Exercise details: Copy out the data line by line exactly, from its start to the line bearing "Item preview, Claw", inclusive.

[Dataset items]

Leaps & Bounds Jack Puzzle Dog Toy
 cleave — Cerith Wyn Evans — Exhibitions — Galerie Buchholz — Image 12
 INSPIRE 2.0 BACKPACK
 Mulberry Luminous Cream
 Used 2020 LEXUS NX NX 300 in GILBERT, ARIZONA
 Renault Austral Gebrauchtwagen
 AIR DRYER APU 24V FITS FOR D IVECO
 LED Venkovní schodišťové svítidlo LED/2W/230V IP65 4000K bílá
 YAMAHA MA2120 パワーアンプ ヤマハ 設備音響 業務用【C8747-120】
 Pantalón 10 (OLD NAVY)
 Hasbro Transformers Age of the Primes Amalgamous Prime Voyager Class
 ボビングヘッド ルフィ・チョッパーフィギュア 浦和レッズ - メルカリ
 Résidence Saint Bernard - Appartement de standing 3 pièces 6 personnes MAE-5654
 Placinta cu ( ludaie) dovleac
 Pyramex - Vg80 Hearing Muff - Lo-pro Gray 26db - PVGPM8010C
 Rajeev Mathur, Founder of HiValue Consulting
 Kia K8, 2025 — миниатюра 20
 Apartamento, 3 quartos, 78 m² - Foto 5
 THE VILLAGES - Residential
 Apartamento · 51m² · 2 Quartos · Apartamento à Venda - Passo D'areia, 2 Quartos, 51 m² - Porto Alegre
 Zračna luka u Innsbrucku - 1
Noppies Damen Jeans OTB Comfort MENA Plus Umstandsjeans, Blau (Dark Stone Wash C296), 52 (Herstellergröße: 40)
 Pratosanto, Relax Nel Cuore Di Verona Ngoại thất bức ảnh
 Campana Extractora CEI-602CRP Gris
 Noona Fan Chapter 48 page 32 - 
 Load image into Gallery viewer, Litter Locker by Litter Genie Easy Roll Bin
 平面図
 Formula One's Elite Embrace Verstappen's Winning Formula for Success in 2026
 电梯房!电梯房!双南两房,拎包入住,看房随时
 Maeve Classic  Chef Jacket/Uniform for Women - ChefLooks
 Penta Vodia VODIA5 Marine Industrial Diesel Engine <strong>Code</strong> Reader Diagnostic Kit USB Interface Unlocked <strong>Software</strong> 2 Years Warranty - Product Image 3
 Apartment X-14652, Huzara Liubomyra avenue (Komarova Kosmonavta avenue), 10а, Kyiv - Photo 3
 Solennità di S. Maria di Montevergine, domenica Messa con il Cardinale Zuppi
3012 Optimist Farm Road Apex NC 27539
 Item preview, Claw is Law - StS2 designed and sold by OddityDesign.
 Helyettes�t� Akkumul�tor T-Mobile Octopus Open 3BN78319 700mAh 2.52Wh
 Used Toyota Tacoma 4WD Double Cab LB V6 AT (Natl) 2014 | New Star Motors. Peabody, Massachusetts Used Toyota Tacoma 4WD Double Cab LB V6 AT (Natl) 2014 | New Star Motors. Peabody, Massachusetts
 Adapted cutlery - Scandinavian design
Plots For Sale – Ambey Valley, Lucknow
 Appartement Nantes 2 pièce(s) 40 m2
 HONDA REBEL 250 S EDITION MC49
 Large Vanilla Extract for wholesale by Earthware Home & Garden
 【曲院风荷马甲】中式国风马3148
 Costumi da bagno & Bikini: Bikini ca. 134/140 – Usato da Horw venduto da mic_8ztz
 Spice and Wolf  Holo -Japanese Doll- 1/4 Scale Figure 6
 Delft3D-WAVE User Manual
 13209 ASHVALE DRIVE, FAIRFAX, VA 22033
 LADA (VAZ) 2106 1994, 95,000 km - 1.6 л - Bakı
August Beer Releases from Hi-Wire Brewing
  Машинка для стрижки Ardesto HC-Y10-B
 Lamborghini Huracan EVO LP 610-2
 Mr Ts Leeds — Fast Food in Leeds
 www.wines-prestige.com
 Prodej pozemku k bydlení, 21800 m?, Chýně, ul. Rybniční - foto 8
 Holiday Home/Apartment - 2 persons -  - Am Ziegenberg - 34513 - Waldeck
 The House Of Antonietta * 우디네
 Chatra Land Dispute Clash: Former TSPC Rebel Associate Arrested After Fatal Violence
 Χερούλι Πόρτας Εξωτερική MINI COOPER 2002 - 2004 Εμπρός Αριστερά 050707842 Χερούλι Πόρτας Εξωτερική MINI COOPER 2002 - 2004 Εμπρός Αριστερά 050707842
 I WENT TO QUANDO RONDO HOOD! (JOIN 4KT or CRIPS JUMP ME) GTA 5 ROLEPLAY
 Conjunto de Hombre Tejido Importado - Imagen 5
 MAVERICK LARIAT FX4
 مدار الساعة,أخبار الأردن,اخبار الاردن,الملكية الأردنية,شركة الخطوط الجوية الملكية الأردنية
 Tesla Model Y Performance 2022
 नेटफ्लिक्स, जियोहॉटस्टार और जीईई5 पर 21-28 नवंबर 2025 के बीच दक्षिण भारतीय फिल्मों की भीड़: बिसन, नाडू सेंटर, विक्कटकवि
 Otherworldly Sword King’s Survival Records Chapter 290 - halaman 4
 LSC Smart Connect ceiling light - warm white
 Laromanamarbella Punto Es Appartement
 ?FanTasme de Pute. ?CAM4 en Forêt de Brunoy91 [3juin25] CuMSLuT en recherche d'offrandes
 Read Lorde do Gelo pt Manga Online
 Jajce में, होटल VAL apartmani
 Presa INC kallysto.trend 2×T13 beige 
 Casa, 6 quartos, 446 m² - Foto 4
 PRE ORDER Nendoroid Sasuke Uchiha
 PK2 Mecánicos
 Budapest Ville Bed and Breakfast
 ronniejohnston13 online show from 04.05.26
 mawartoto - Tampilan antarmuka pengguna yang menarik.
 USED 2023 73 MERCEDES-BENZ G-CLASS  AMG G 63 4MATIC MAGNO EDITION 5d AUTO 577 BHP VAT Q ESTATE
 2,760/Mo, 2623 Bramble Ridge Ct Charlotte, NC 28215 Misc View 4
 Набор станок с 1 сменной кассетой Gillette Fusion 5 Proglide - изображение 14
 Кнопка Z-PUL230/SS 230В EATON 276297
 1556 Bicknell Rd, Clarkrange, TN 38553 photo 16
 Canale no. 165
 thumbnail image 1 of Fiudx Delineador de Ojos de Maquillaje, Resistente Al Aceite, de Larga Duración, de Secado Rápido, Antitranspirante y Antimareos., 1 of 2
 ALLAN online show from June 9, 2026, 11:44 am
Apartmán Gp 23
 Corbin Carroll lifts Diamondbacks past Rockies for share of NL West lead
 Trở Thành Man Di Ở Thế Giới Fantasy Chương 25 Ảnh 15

Exercise answer:
Leaps & Bounds Jack Puzzle Dog Toy
 cleave — Cerith Wyn Evans — Exhibitions — Galerie Buchholz — Image 12
 INSPIRE 2.0 BACKPACK
 Mulberry Luminous Cream
 Used 2020 LEXUS NX NX 300 in GILBERT, ARIZONA
 Renault Austral Gebrauchtwagen
 AIR DRYER APU 24V FITS FOR D IVECO
 LED Venkovní schodišťové svítidlo LED/2W/230V IP65 4000K bílá
 YAMAHA MA2120 パワーアンプ ヤマハ 設備音響 業務用【C8747-120】
 Pantalón 10 (OLD NAVY)
 Hasbro Transformers Age of the Primes Amalgamous Prime Voyager Class
 ボビングヘッド ルフィ・チョッパーフィギュア 浦和レッズ - メルカリ
 Résidence Saint Bernard - Appartement de standing 3 pièces 6 personnes MAE-5654
 Placinta cu ( ludaie) dovleac
 Pyramex - Vg80 Hearing Muff - Lo-pro Gray 26db - PVGPM8010C
 Rajeev Mathur, Founder of HiValue Consulting
 Kia K8, 2025 — миниатюра 20
 Apartamento, 3 quartos, 78 m² - Foto 5
 THE VILLAGES - Residential
 Apartamento · 51m² · 2 Quartos · Apartamento à Venda - Passo D'areia, 2 Quartos, 51 m² - Porto Alegre
 Zračna luka u Innsbrucku - 1
Noppies Damen Jeans OTB Comfort MENA Plus Umstandsjeans, Blau (Dark Stone Wash C296), 52 (Herstellergröße: 40)
 Pratosanto, Relax Nel Cuore Di Verona Ngoại thất bức ảnh
 Campana Extractora CEI-602CRP Gris
 Noona Fan Chapter 48 page 32 - 
 Load image into Gallery viewer, Litter Locker by Litter Genie Easy Roll Bin
 平面図
 Formula One's Elite Embrace Verstappen's Winning Formula for Success in 2026
 电梯房!电梯房!双南两房,拎包入住,看房随时
 Maeve Classic  Chef Jacket/Uniform for Women - ChefLooks
 Penta Vodia VODIA5 Marine Industrial Diesel Engine <strong>Code</strong> Reader Diagnostic Kit USB Interface Unlocked <strong>Software</strong> 2 Years Warranty - Product Image 3
 Apartment X-14652, Huzara Liubomyra avenue (Komarova Kosmonavta avenue), 10а, Kyiv - Photo 3
 Solennità di S. Maria di Montevergine, domenica Messa con il Cardinale Zuppi
3012 Optimist Farm Road Apex NC 27539
 Item preview, Claw is Law - StS2 designed and sold by OddityDesign.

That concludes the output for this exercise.